Si la politique n'est pas suivie d'un appareil juridique, ce n'est que du discours. C'est l'appareil juridique qui met en route la politique 396 . L'approche de la pauvreté extrême en termes de droits, et notamment de violation des droits de l'homme est l'un des apports essentiels du rapport Wrésinsky 397 . Le rapport souligne que la précarité est l'absence d'une ou plusieurs des sécurités, notamment celle de l'emploi, permettant aux personnes et familles d'assumer leurs obligations professionnelles, familiales et sociales, et de jouir de leurs droits fondamentaux. L'insécurité qui en résulte peut être plus ou moins étendue et avoir des conséquences plus ou moins graves et définitives. Elle conduit à la grande pauvreté, quand elle affecte plusieurs domaines de l'existence, qu'elle devient persistante, qu'elle compromet les chances de réassumer ses responsabilités et reconquérir ses droits par soi-même dans un avenir prévisible.

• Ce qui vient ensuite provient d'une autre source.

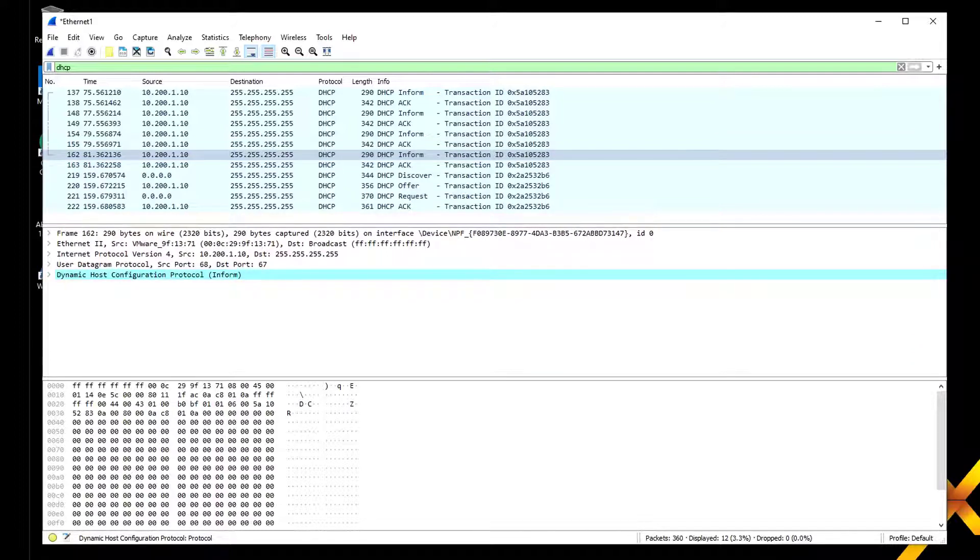We've looked at the four-way handshake DORA. We're going to look at a little bit more in a second. I hope you enjoyed this video, we'll see you in the next one.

L'objectivité nécessaire à la cohésion et à la justice sociales doit savoir se concilier avec des normes exprimant des valeurs conformes à l'exigence de dignité de la personne humaine. Ainsi donc, l'obligation des pouvoirs publics dans la lutte contre la situation de handicap et d’errance se laisserait assez facilement saisir. Comment pourrait-on ne pas vérifier que la loi n'a pas falsifié le droit naturel des personnes en situation de handicap et d’errance ? La recherche des raisons de la loi est indispensable et elle fait nécessairement partie de la recherche anthropologique. Le juridique ne saurait être étranger à une réflexion sur le sens qu'il convient d'imprimer à la chose sociale. Le risque est souvent de transformer les personnes démunies en objets passifs d'un assistanat inefficace 398 . « L'être humain qui se cache sous le masque hideux de la misère ne pourra se réaliser dans toute sa plénitude que s'il peut exercer effectivement tous ses droits et responsabilités 399  »

Tout en subissant les désagréments du droit, les personnes en situation de handicap et d’errance semblent ne pouvoir que très difficilement bénéficier en fait de ses avantages. Il n'y a pas là une question de fatalité. L'explication se trouverait davantage dans le fait que le droit envisage « la situation moyenne de la population » sans suffisamment porter attention à ce qui se vit à ses marges. En conséquence, les personnes en situation de handicap et d’errance se trouvent exclues. Elles le sont aussi par manque d'information sur le droit et par la crainte ou la honte qui peut les animer de faire valoir leurs droits. La complexité des dispositifs qui tendent à se surajouter les uns aux autres ne semblent pas à même de réduire cette crainte. Finalement, le droit serait répudié pour mieux se protéger.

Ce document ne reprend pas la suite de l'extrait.